Condensate water heat energy recycling system and method for oil extraction workshop

Technical Field

The invention relates to the field of condensate water recycling, in particular to a condensate water heat energy recycling system and a condensate water heat energy recycling method for an oil extraction workshop.

Background

The condensed water in the oil extraction workshop is condensed by the steam trap, heat energy is still higher, and when the condensed water enters the recovery tank, due to pressure release, space change and other reasons, the heat energy in the condensed water is diffused in a steam form and is recovered in the tank space, so that the pressure of the tank is increased, the temperature of the condensed water entering the tank is reduced by additionally adding softened water for reducing the temperature and the pressure of the condensed water, the breathing pipeline of the tank is prevented from discharging steam outwards, and the heat energy in the condensed water is wasted and the softened water is wasted in the process.

The generated condensed water is directly discharged, which not only causes waste of water resources, but also causes serious thermal pollution to the environment.

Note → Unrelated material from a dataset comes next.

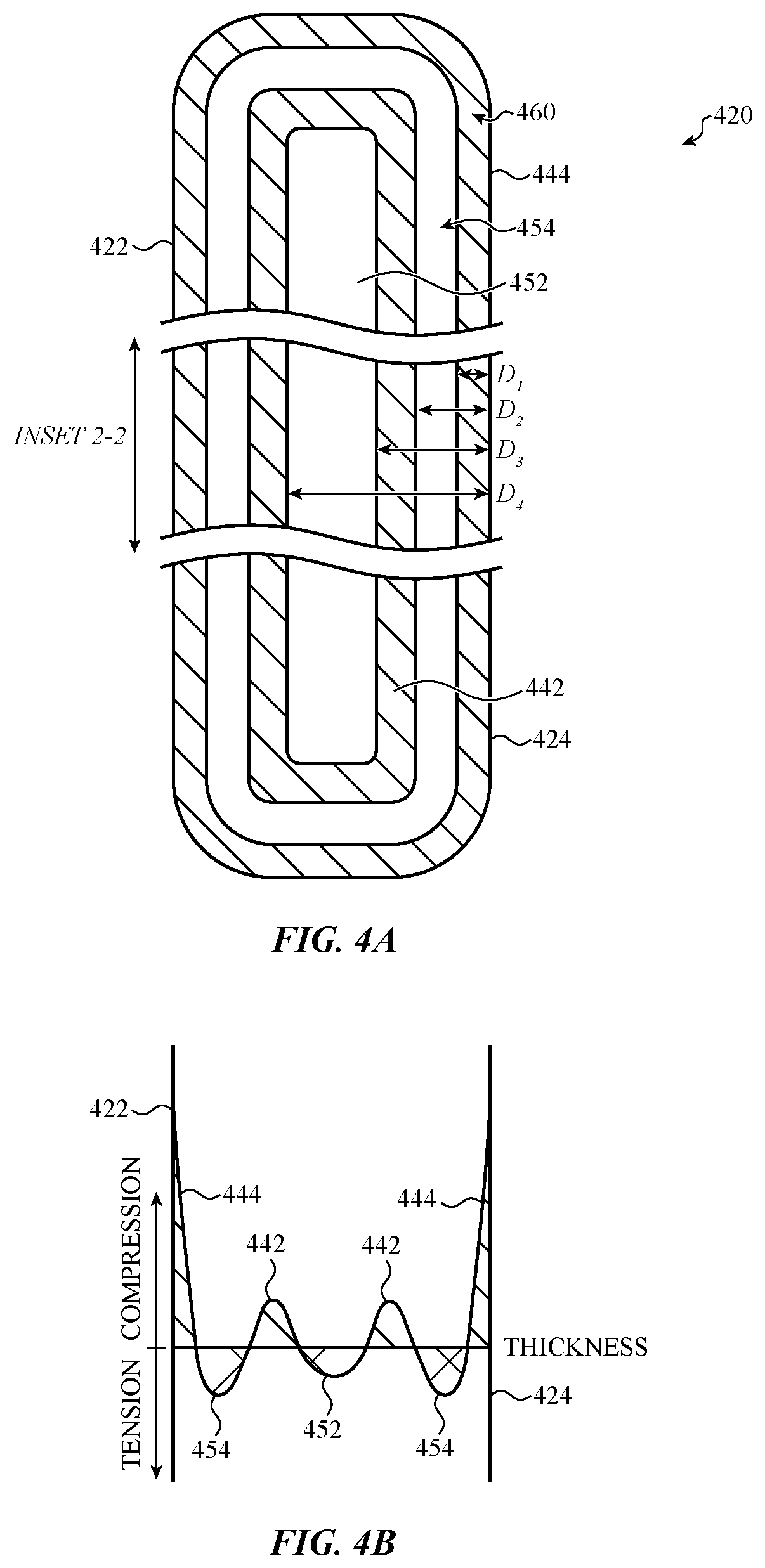 Patent US12583206 Figure 6 – Electronic device having a glass component with crack hindering internal stress regions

If equipment is added, condensed water is utilized after heat exchange of cooling water and then discharged, so that equipment cost is increased, and the recycling efficiency of heat energy is low.

Disclosure of Invention

In order to solve the defects of the prior art, the invention provides a condensed water heat energy recycling system and a condensed water heat energy recycling method for an oil extraction workshop.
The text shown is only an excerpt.